Sommaire (8)+
01Dysfonction érectile#
La dysfonction érectile (DE) ou trouble de l'érection est l'incapacité persistante d'obtenir et/ou de maintenir une érection suffisante pour une activité sexuelle satisfaisante. > 3 mois, parfois pas occasionnel — gêne dans la vie sexuelle ; éjaculation précoce, baisse libido, troubles orgasmiques. Érections perdues parfois, parfois difficultés fréquentes, ainsi que impossibilité quasi-permanente.
30 % des hommes > 40 ans, ainsi que 40 % à 40 ans et 70 % > 70 ans, parfois > 150 millions, attendu 322 millions en 2025. Au 1,5-2 millions concernés, ainsi que augmente avec l'âge et tabou, sous-consultation.
Couple, estime de soi, ainsi que marqueur cardiovasculaire : DE peut précéder MCV de 3-5 ans (signal d'alerte) ; traitements efficaces disponibles — briser le tabou : essentiel.
Stimulation sexuelle (visuelle, tactile, mentale), parfois influx nerveux parasympathique, ainsi que NO (oxyde nitrique) libéré — dilatation artères du pénis, remplissage corps caverneux, érection maintenue par compression veines.
Toute atteinte vasculaire, nerveuse, hormonale, psychologique peut causer DE.
02Causes principales#
Les causes principales sont plaques dans artères péniennes ; HTA, diabète, dyslipidémie : facteurs majeurs, parfois tabagisme — DE = "marqueur" cardiovasculaire précoce.
Les causes principales sont neuropathie autonome, chirurgie prostate (prostatectomie radicale) : 50-90 % DE post-op selon nerves, parfois traumatismes médullaires ; sclérose en plaques, AVC, Parkinson, chirurgie pelvienne.
Les causes principales sont hypogonadisme (testostérone basse) : 5-10 % et hyperprolactinémie ; dysthyroïdie.
Les causes principales sont β-bloquants, diurétiques (thiazidiques surtout), parfois ISRS (50 % effets sexuels) et anti-androgènes (cancer prostate), souvent finastéride, dutastéride (HBP), antipsychotiques, opioïdes et cannabis chronique, cocaïne, souvent alcool excessif.
Les causes principales sont anxiété de performance ; dépression et stress chronique, parfois conflits couple, traumatismes sexuels.

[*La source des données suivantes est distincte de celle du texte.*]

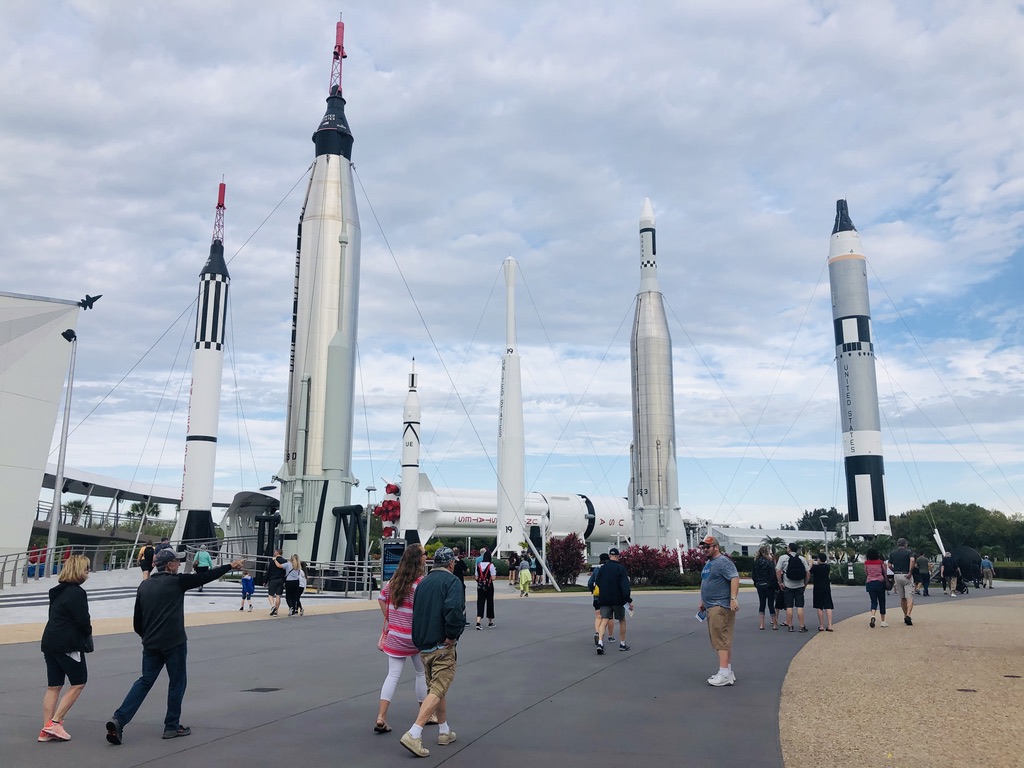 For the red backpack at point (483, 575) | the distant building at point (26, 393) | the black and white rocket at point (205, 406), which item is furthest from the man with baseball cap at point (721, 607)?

DE psychogène : érections nocturnes/matinales conservées (signe). Les causes principales sont maladie de La Peyronie (induration des corps caverneux), souvent priapisme récidivant ; traumatismes péniens, pelvien et chirurgie locale. Les causes principales sont sédentarité, parfois obésité ; alcool, tabac — drogues, manque de sommeil, stress. Les causes principales sont majoritaires.
03Diagnostic et bilan#
Le diagnostic repose sur durée, sévérité, circonstances — préservées en DE psychogène, perdues en DE organique, ainsi que associée et préservés, diabète, HTA, MCV, chirurgies, médicaments, ainsi que tabac, alcool, sport, stress, parfois dynamique relationnelle.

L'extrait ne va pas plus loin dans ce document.